Through a setting of the duty cycle for the pulse width modulator, the
current amplitude of the lamp current is regulated in such a manner that
even upon the occurrence of a normal input voltage variation, there is
maintained a constant brightness for the lamp.
A dimming of the lamp can be carried out through a periodic
short-circuiting of the lamp filaments whereby, as a rule, the frequency
of this short-circuiting is substantially lower than the resonant
frequency. The lamp is hereby always operated at its rated lighting
current, which increases the service life thereof. When the filaments are
short-circuited, the heating current voltage flows through the cathodes of
the lamp. The heating current and the operating current can differ in
conformance with the connecting data for the lamp.
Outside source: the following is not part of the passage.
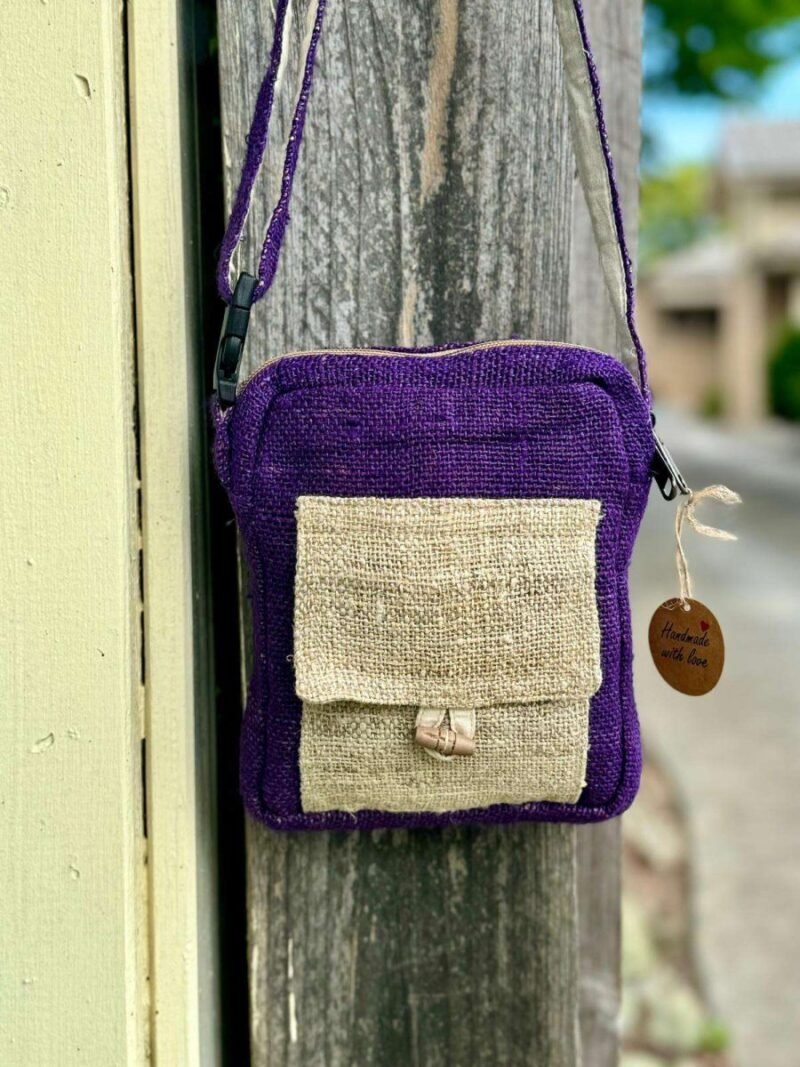 purple and beige mix hemp side bag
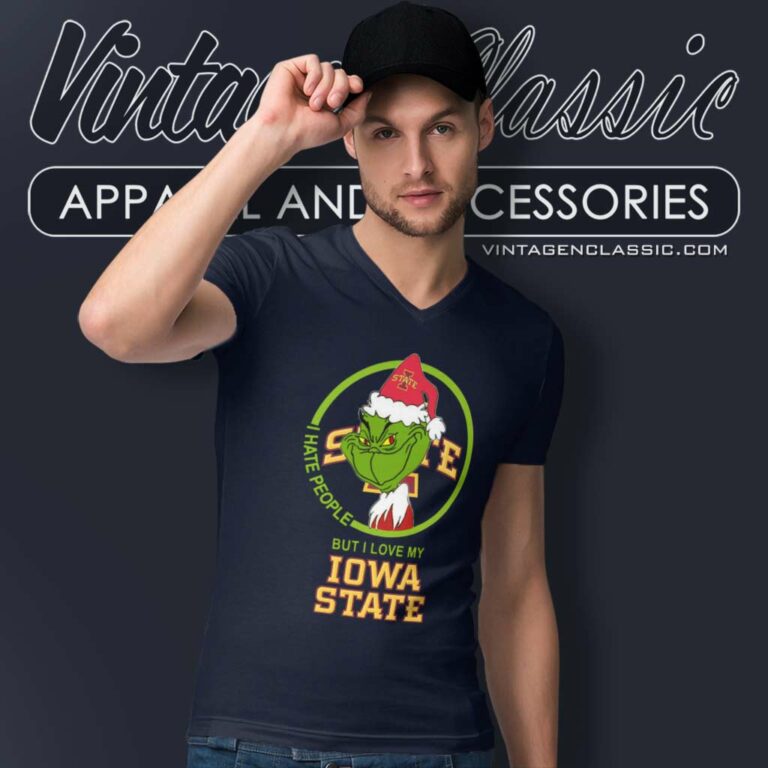 Iowa State Cyclones Ncaa Christmas Grinch Shirt I Hate People But I Love My Iowa State V Neck TShirt Iowa State Cyclones Ncaa Christmas Grinch Shirt I Hate People But I Love My Iowa State V Neck TShirt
BRIEF DESCRIPTION OF THE DRAWINGS
Advantageous features and aspects of the invention may now be more readily
ascertained from the following detailed description of exemplary
embodiment thereof, taken in conjunction with the accompanying drawings;
in which:
FIG. 1 illustrates a block circuit diagram of a power supply circuit or; in
essence, a ballast unit for a gas discharge lamp;
FIG. 2 illustrates an alternative embodiment of the block circuit diagram
for frequency tuning;
FIG. 3 illustrates a further alternative utilized for frequency tuning;
FIG. 4 illustrates a block circuit diagram of a brightness control for FIG.
1;
FIG. 5 illustrates the circuit of interconnecting a plurality of gas
discharge lamps to the ballast unit of FIG. 1; and
FIGS. 6(-c) and 7 each, respectively, illustrates switching time plots for
the circuit shown in FIG. 3.
DETAILED DESCRIPTION
Connected to a direct-current supply voltage input 1 is a filter 2. The
direct-current supply voltage; for example, originates from the power
supply on board an aircraft or an electric train. The direct-current
supply voltage can also be derived or obtained across an AC/DC-converter
from an alternating-current voltage supply; for instance, that on board an
aircraft.
The filter 2 protects the circuit from power surges and for dropouts in the
power supply and reduces conducted radio frequency emission to the
required specification limits. Connected to the output of the filter 2 is
an input transformer 3 which possesses a first winding 4 and a second
winding 5. The first winding 4 is connected in series with a center tap on
a primary winding 6 of an output transformer 7 which is integrated in a
push-pull oscillator 8.
The second winding 5 of the input transformer 3 is connected as a free
wheeling relaxation winding across a diode 9 to the supply voltage.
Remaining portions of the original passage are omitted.